→ **THE TASK**
Your task is to repeat exactly the lines below between the line holding "Oregon Water Wonderland" and the line holding "Vintage Wooden Handle", inclusive, and only those.

→ **DATA SUPPLIED**
BEGIN

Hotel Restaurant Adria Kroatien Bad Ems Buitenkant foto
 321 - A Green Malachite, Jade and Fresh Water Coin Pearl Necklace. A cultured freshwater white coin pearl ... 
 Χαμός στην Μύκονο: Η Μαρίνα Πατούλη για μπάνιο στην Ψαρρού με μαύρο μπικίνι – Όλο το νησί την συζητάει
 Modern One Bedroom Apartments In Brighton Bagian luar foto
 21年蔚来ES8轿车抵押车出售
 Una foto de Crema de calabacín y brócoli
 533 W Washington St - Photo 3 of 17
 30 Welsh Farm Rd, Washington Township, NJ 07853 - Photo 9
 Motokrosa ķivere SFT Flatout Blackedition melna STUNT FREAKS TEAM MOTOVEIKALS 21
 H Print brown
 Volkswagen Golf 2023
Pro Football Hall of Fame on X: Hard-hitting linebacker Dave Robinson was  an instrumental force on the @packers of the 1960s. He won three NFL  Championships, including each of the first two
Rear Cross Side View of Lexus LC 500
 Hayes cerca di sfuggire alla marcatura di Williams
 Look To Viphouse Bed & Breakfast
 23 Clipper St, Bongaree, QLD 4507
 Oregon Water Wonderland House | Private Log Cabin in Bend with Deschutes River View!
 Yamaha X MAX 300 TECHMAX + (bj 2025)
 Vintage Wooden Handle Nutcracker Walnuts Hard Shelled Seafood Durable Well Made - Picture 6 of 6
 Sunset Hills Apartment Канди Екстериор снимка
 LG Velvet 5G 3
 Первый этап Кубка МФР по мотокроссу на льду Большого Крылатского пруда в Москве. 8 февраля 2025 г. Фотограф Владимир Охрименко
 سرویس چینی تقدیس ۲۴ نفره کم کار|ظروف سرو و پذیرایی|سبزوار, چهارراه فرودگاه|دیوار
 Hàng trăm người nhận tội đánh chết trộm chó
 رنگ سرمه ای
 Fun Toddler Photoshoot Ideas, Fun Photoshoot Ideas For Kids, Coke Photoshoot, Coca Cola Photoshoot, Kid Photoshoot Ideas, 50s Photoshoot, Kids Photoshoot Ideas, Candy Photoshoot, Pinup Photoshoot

END

→ **OUTPUT OF THE EXERCISE**
 Oregon Water Wonderland House | Private Log Cabin in Bend with Deschutes River View!
 Yamaha X MAX 300 TECHMAX + (bj 2025)
 Vintage Wooden Handle Nutcracker Walnuts Hard Shelled Seafood Durable Well Made - Picture 6 of 6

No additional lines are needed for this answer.